Ex-boyfriend's toothache fixed
Revenge is a dish best served with a sedative. A dentist in Poland, who was dumped by her boyfriend, got revenge. He asked her to help his toothache just days after he broke up with her. "I tried to be professional and detach myself from my emotions, but when I saw him lying there I just thought, 'What a bastard'." She then gave him a massive dose of anaesthetic and coldly plucked out his teeth one by one.

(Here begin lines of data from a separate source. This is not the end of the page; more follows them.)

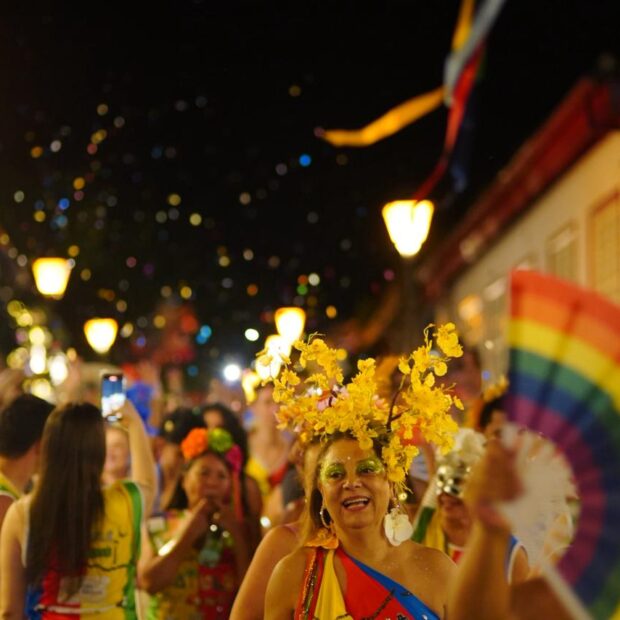 carnaval pirenópolis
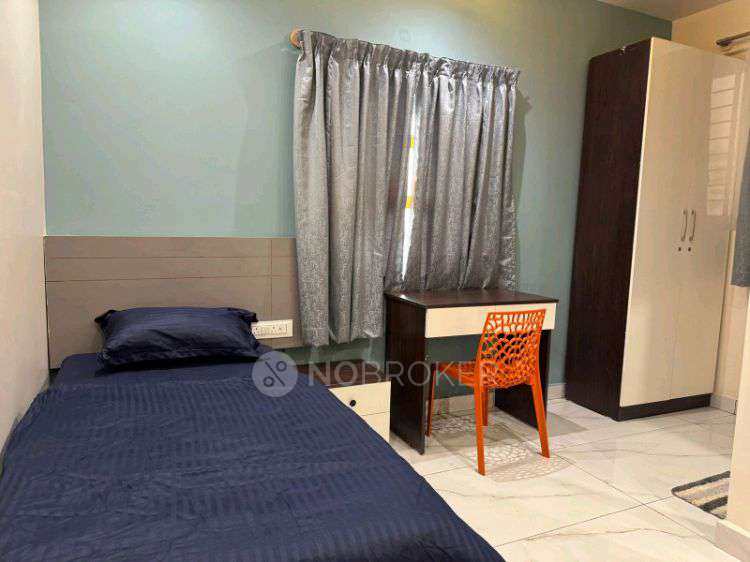 PG for Girls in Byatarayanapura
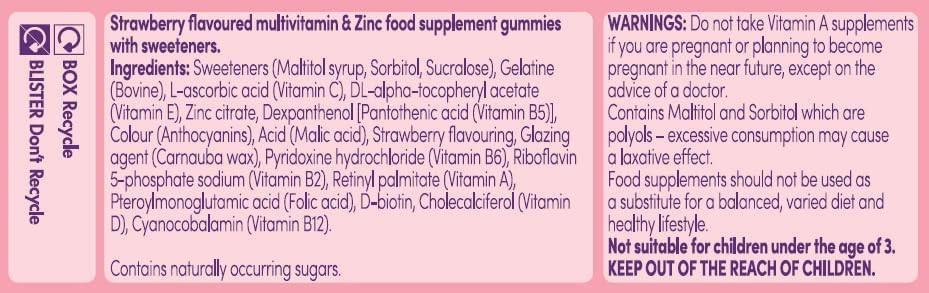 Bassetts Multivitamins For 3-6 Years Strawberry Flavour 30 Soft & Chewy Multivitamins Image https://cdn11.bigcommerce.com/s-g585yu857h/images/stencil/1280w/products/4885/38101/51NejKSiplL._AC___57735.1787330908.jpg1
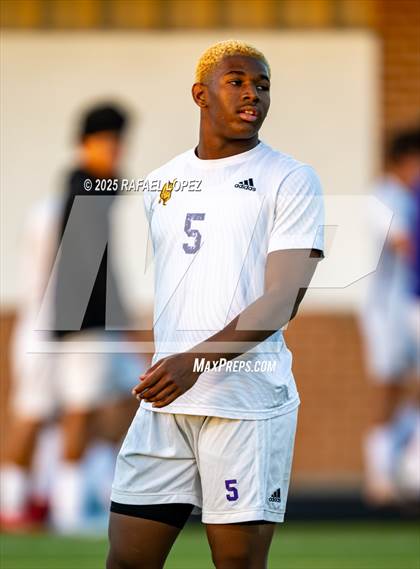 Thumbnail 2 in JV: Ball @ Galena Park (Scrimmage) photogallery.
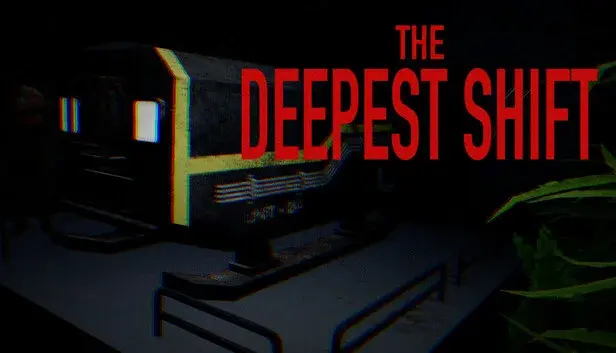 The Deepest Shift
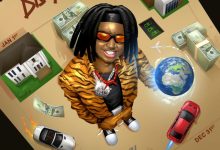 Berri Tiga – Dis Year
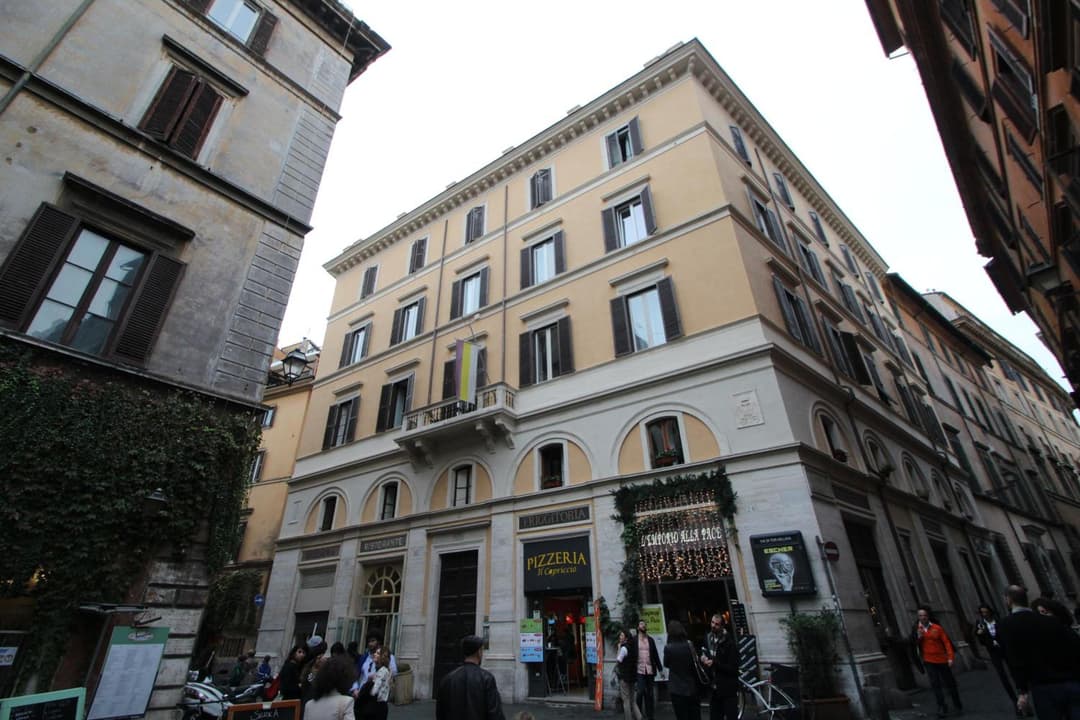 Locanda Navona — photo 1 of 1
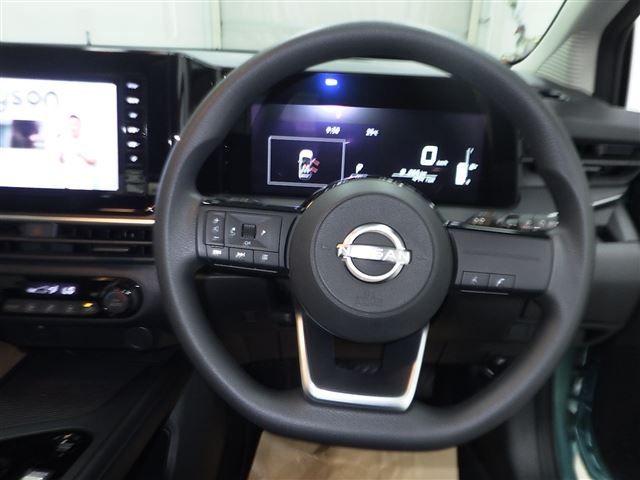 NISSAN NOTE 2023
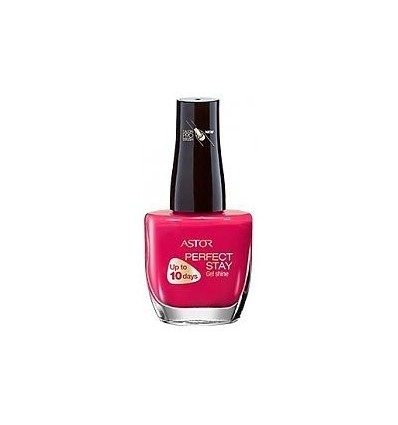 ASTOR esmalte de uñas gel Nº 216 Tropical Pink 12 ml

Educational shock treatment
John McCallum had a physics professor at university who was known for simple, practical demonstrations. "One memorable day he walked into the lecture theatre with a small battery and a large coil of wire and asked the 300 students present, 'Does anyone here think they cannot get an electric shock from a 6 volt battery?' One chap (not me) put up his hand and was invited to the front, asked to hold both ends of the coil of wire on the battery terminals and then remove one end while retaining the bare wire in his hand. The poor chap convulses with the shock, 299 students roar with laughter and 300 students (one in particular) will never forget the principle of electromagnetic self-induction!"
One way to remember
Paula writes: "In my 4th Form year our science teacher, Mr Roddy from Macleans College, was explaining all the science equipment. He placed a test tube up each nostril and stated, 'A test tube will always fit up your nose ... but a boiler tube never will'."